With its sub-millisecond latency, Accelerator Plus improves the throughput of difficult workloads, especially those consisting of large numbers of short duration jobs perhaps with complex dependencies, while off-loading the base scheduler. Accelerator Plus allows any user or group to have their own high-performance scheduler without requiring the intervention of the IT department. Since all computing resources are negotiated by means of the base scheduler, Accelerator Plus always obeys all policies established by IT with respect to sharing such resources.
Theory of Operation
During the initial setup, the Accelerator Plus host server (vovserver) establishes a main port for communication and additional ports for web access and read-only access. Afterwards, the vovserver waits for and responds to incoming connection requests from clients.
Clients consist of regular clients that request a particular service, taskers (server farms) that provide computing resources, and notify clients that listen for events.
A fresh instance of Accelerator Plus typically has only one persistent or permanent tasker, dedicated to launching requests to get more taskers from the underlying base scheduler, depending on the workload.
Regular clients can submit the workload, which consists of one or more jobs, or query data about jobs or system status. When a job is created, it is placed in a queued state. Queued jobs are sorted into buckets. Jobs that have the same characteristics go in the same bucket.
Each job bucket is analyzed, by an external daemon called vovwxd. If a bucket is waiting for hardware resources, then the external daemon issues a request to the underlying base scheduler for resources that match that job bucket. In other words, Accelerator Plus requests from the base scheduler a tasker that can run the jobs in a specific bucket. Once the base scheduler grants the request by running a proxy job, the submitted wx-tasker connects back to the Accelerator Plus instance advertising the available resources. Jobs from the matching bucket begin executing without any further intervention from the base scheduler. Multiple buckets and multiple jobs from each bucket can be serviced concurrently. With a large base scheduler and a significant workload, thousands of jobs can be run concurrently.
When a job completes, the wx-tasker notifies the vovserver. The resources, both tasker-based and central, are recovered, allowing subsequent jobs (queued in the buckets) to be dispatched. When completed, the job status is updated to either VALID or FAILED.
In addition to dispatching jobs and processing their status, the vovserver responds to queries about system and job requests, publishes events to notify clients, and continues to process incoming job requests.
Examples of Modes of Operation
- Single User Mode, Persistent
- Here a Accelerator Plus instance is started on a dedicated compute node using a role account. Another application, for example a Jenkins build server, is used to create the workload. In this scenario, Accelerator Plus is used primarily as an efficient distributed build engine, interfacing with the base scheduler. Multiple Accelerator Plus instances can be deployed concurrently to accelerate multiple flows in the form of execution "lanes." The underlying scheduler is used to balance the resource allocation across the Accelerator Plus instances.

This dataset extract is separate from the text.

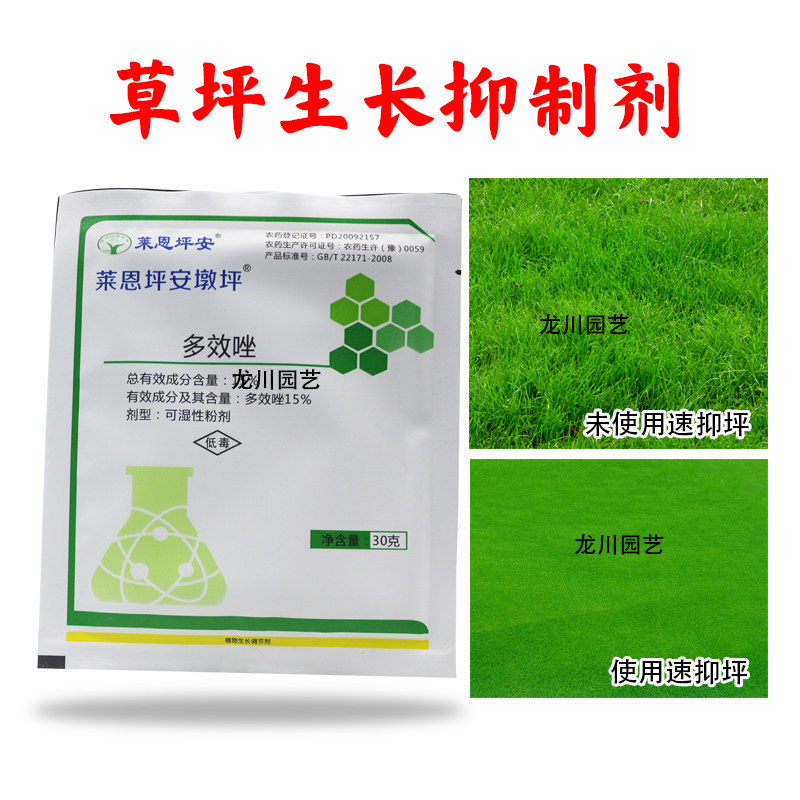 多效唑 坪安墩坪控制生长植物生长调节剂马尼拉狗牙根 草坪矮化剂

- Single User Mode, On-Demand
- Similar to the first mode but this time the Accelerator Plus instance itself is also run on the underlying batch system. Upon completion of the workload, the Accelerator Plus instance is halted and all compute resources are returned to the farm. This model is useful for occasional, self-contained resource intensive workloads.

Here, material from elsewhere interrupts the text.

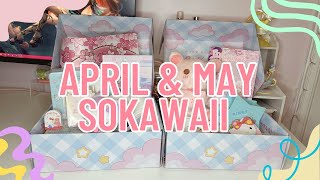 APRIL & MAY SOKAWAII UNBOXING | Lots of Sanrio & Kirby!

- Multi User Mode, Persistent
- This mode implements full hierarchical scheduling. The Accelerator Plus instance runs on a dedicated node with a publicly known host name and port number. Multiple Accelerator Plus instances can be used concurrently to provide each team with their own scheduler. While it is possible to allocate Accelerator Plus instances on a per-project basis, the preferred allocation method is on a functional or workload basis. For example, providing an Accelerator Plus instance for each of the Design Verification, Circuit Design and Physical Design teams allows similar work flows to be grouped together on a single Accelerator Plus instance. Commonality of work flow within an Accelerator Plus instance allows more optimal tuning while sharing a common base scheduler.